Pictures are not part of the answer. Return the lines from the one containing "Page 31 Chapter 10 360° Material" through the end of the data, both included, exactly as they appear.

((

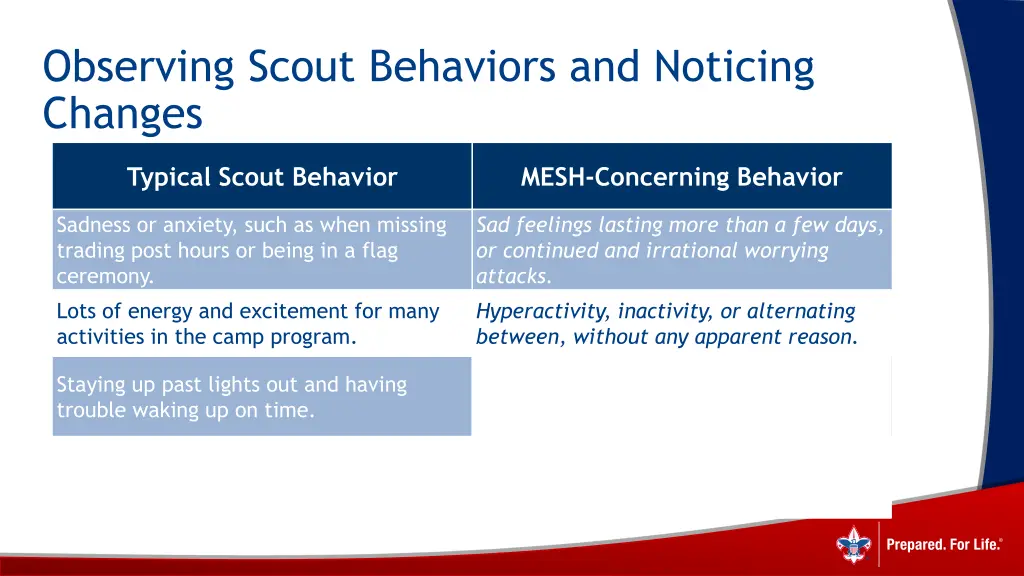 observing scout behaviors and noticing changes 6
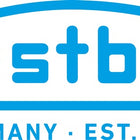 Tester paneli słonecznych Testboy TV 510 ( 4000829954 ) Fotowoltaika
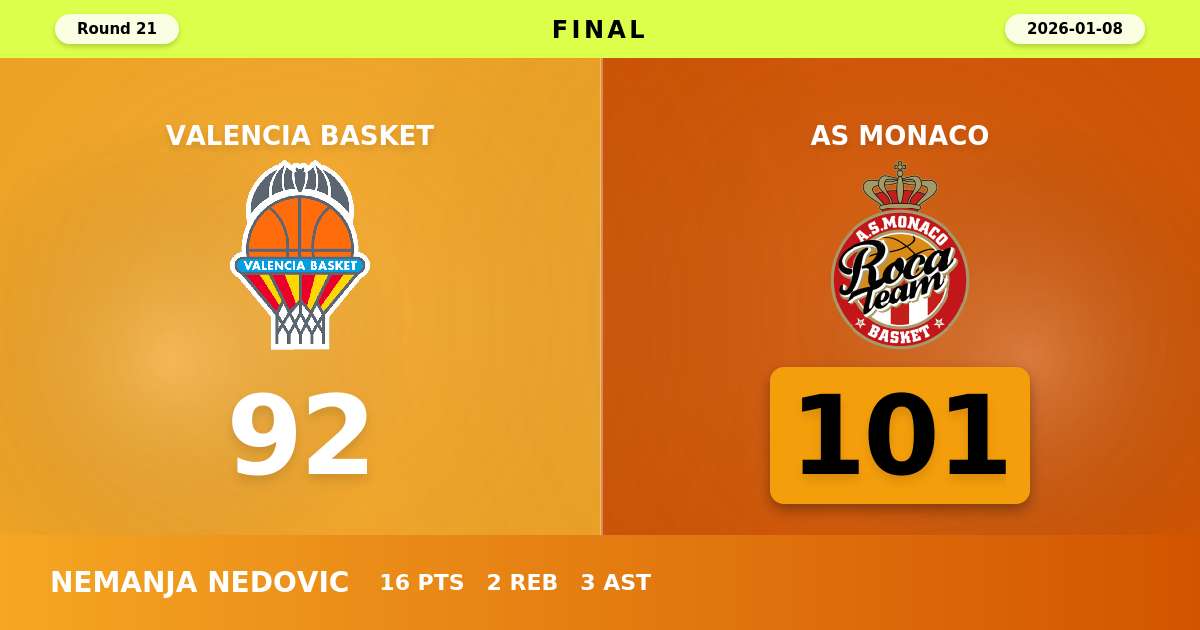 AS Monaco beats Valencia Basket with a score of 101 - 92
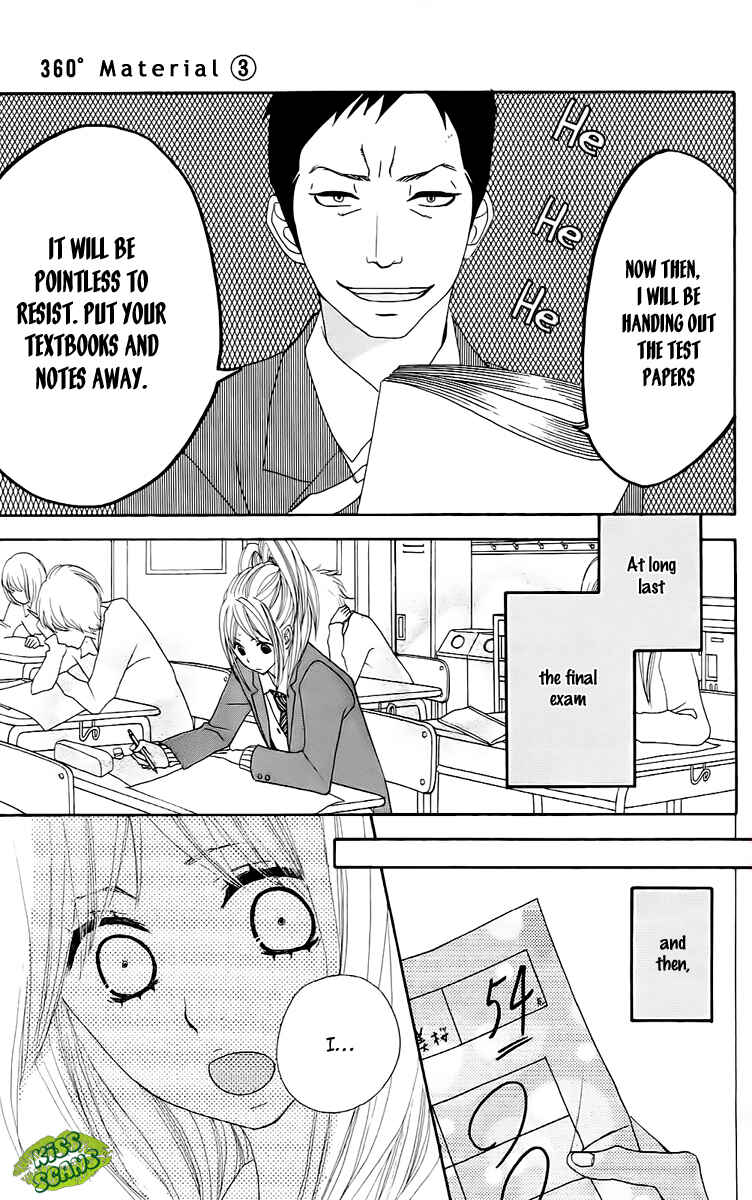 Page 31 Chapter 10 360° Material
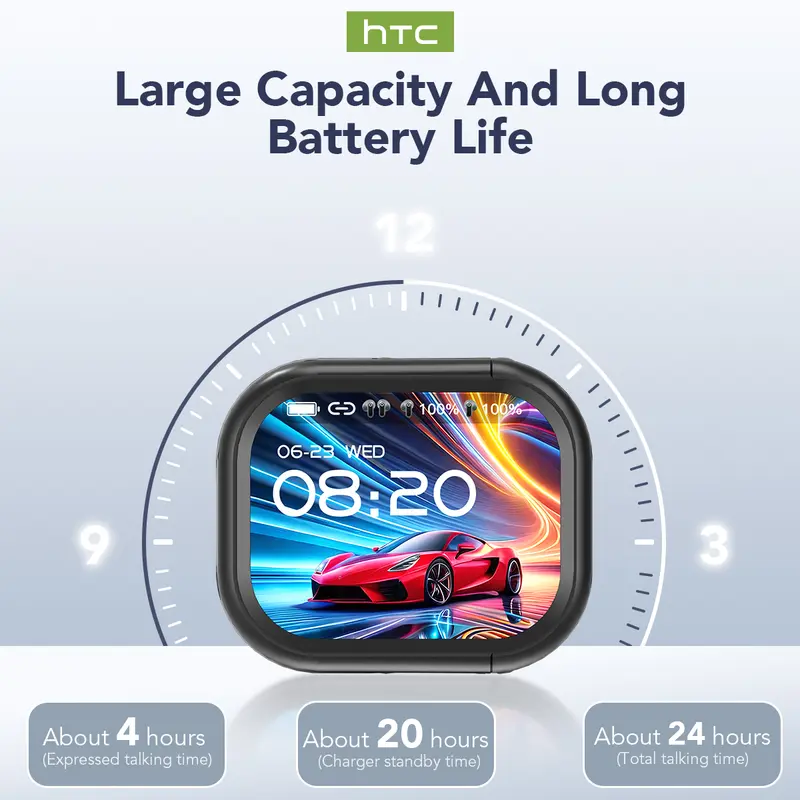 HTC NE20 OWS - Traducteur IA instantané 134 langues - Écouteurs Bluetooth sans fil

))

▶ _Result for this task_
 Page 31 Chapter 10 360° Material
 HTC NE20 OWS - Traducteur IA instantané 134 langues - Écouteurs Bluetooth sans fil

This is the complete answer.